Friday, July 24, 2009

To Play or Not to Play

I was starting to get know this certain guy. He was cool, seemed to be. He was from my part of Indian Country. He knew what my reservation was all about. Friends with my family. And then, after about a month of just texting and he tells me not to get “attached.” He has been hurt before and isn’t looking to getting into a relationship. Ohh.kay.

For one, I hate that he assumed that I wanted a relationship with him. He never made me laugh and the conversation was never deep. I am looking for that type of guy.
For two, I hate that even if he had been hurt before he was not brave enough to believe in love. It takes a real man to be hurt and believe again.
For three, I hate that he assumed that I would cheat on him like the others did. I have never cheated in the eleven years I have been in relationships but then it made me question, what he thought of himself since he already assumed I would be so disappointed in him I would cheat on him.

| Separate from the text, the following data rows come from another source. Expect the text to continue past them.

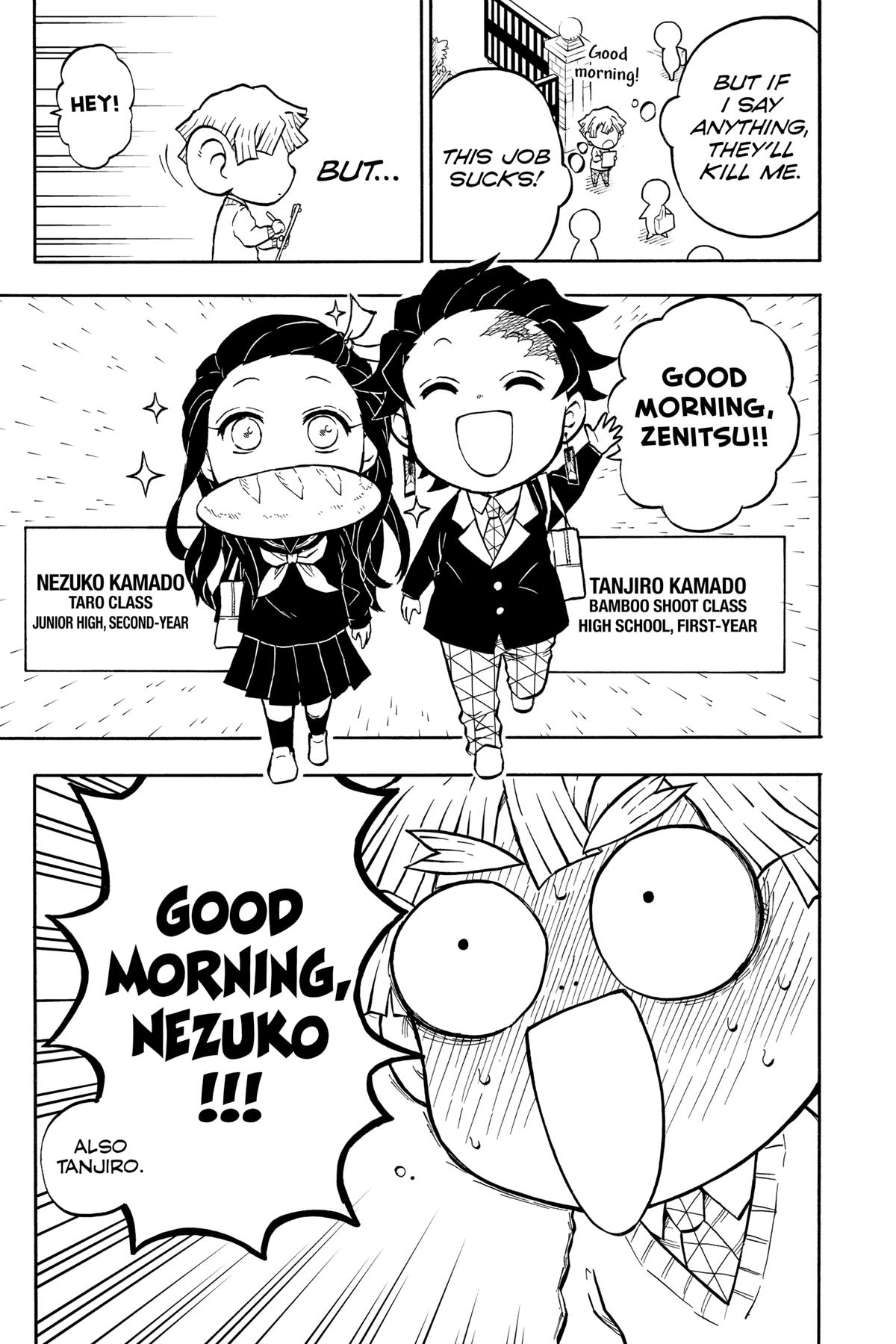Demon Slayer: Kimetsu Academy Chap 2 - Next Chap 3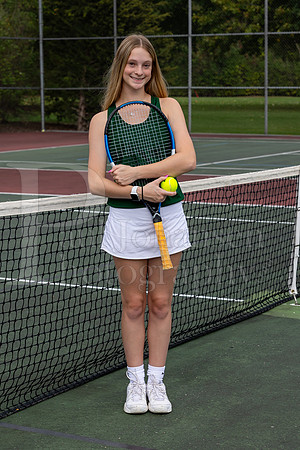 Boylan Girls Varsity Tennis Seniors Photoshoot 10-4-2023-1563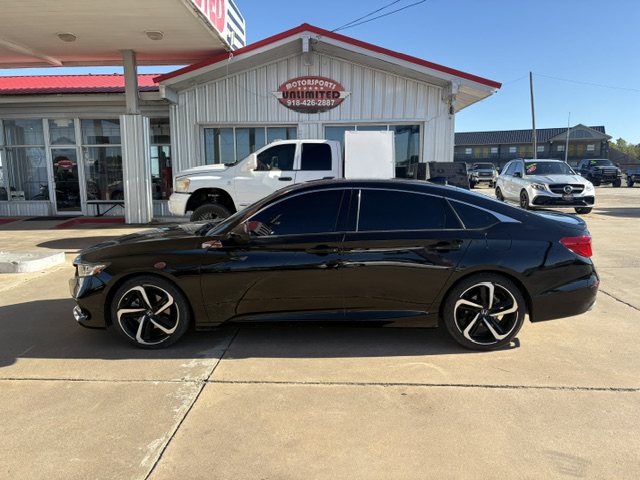 HARRIS AUTO SALES LLC - 2022-HONDA-ACCORD-MOTORSPORTS-UNLIMITED-OK-Stock=926524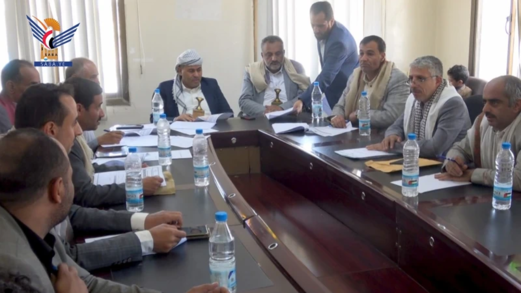 اجتماع بعمران يناقش سير العمل بالمؤسسة المحلية للمياه والصرف الصحي اجتماع بعمران يناقش سير العمل بالمؤسسة المحلية للمياه والصرف الصحي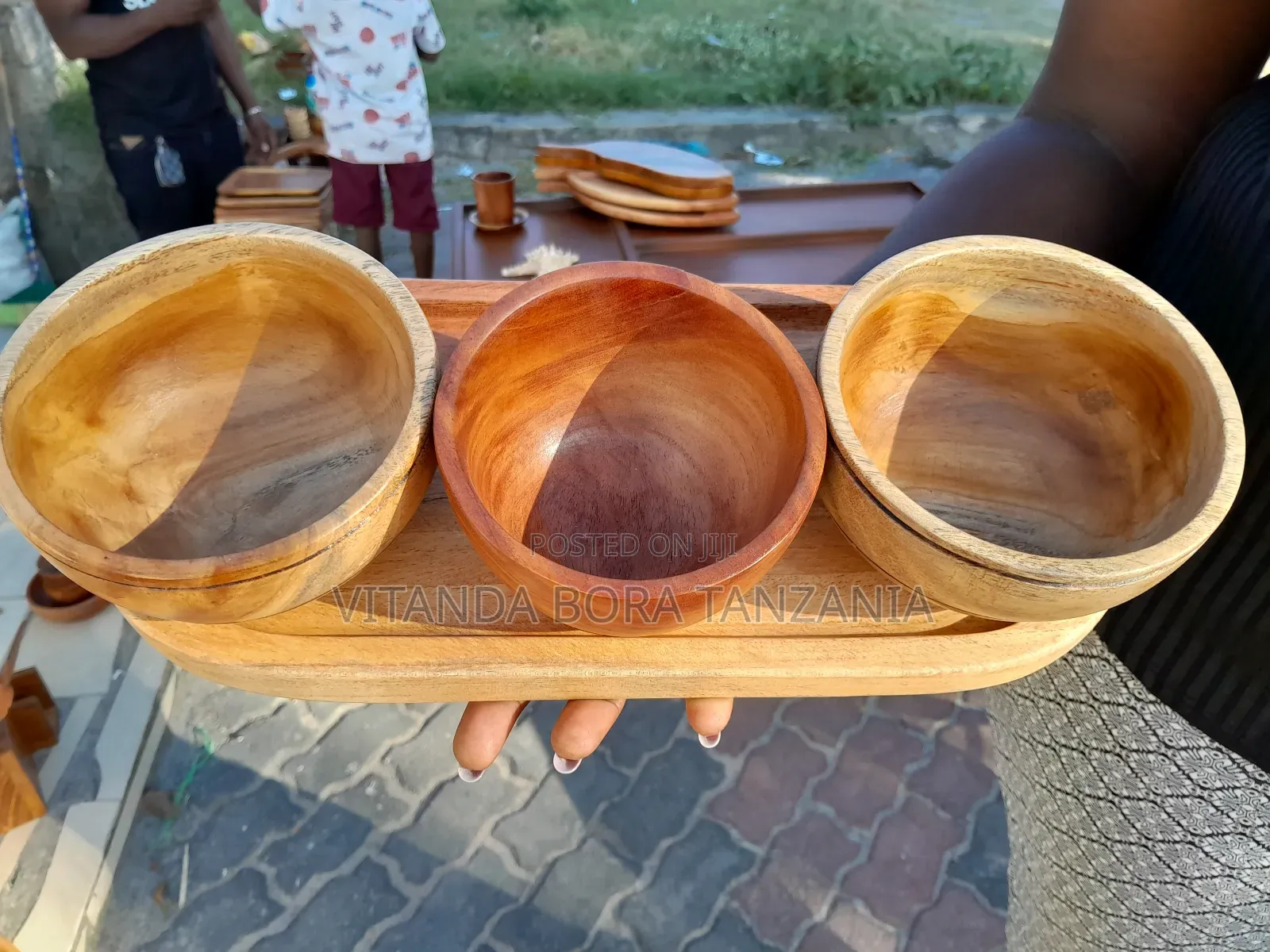 Bakuli 3 Na Sahani Yake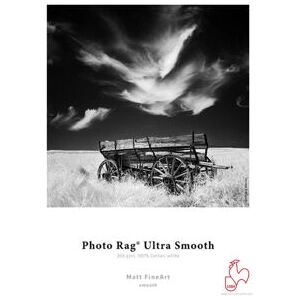 Hahnemühle Photo Rag Ultra Smooth A3 - Photo Paper - White - 25 Sheets Hahnemühle Photo Rag Ultra Smooth A3 - Photo Paper - White - 25 Sheets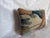 17th Century Brussels Tapestry Pillow With Abstract Design For Sale - Image 4 of 7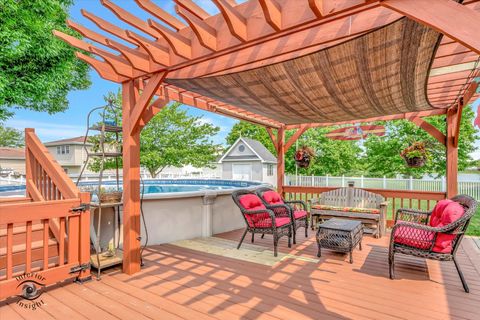 Tiny photo for 1360 Pheasant Chase Circle, Beecher, IL 60401 (MLS # 12564205)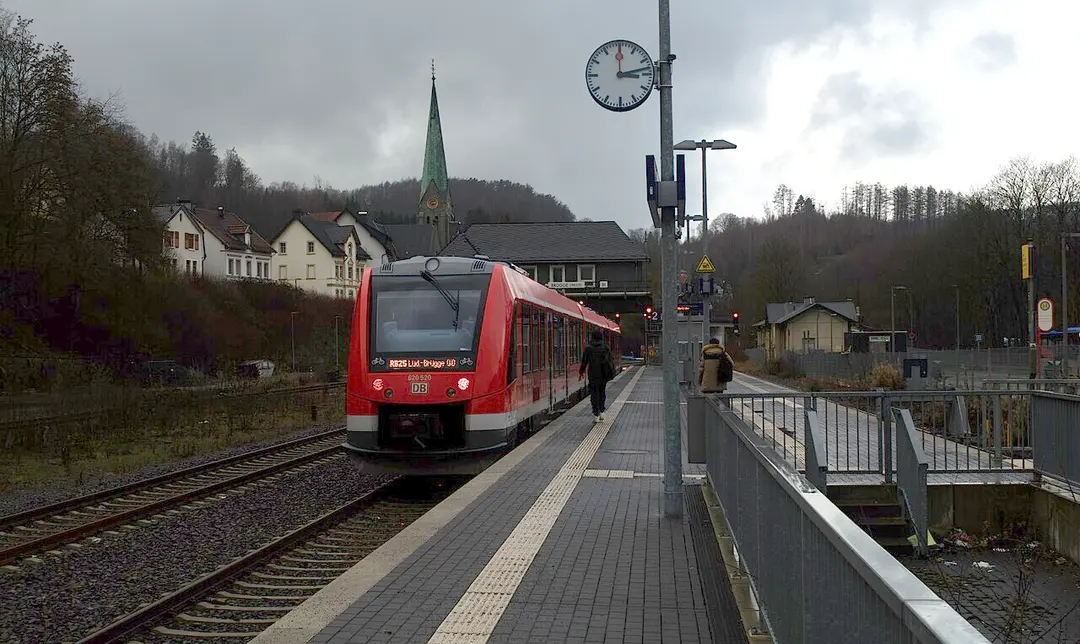 Bahnhof Lüdenscheid-Brügge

The outcome then leads to me to this: He assumed I would play around on him if we were together. And if he assumed that and never took our relationship seriously, then why wouldn’t I play? I would be looking for someone that would take me seriously. But, if I was not to play and he would just ruin the relationship thinking that I was. It was an ugly circle that I got out of ASAP. It would have made me someone that I was not.

People really do get what they are looking for and I wish him the best. I maybe holding out for an extremely long time for someone to make me laugh but I know I will get what I am looking for.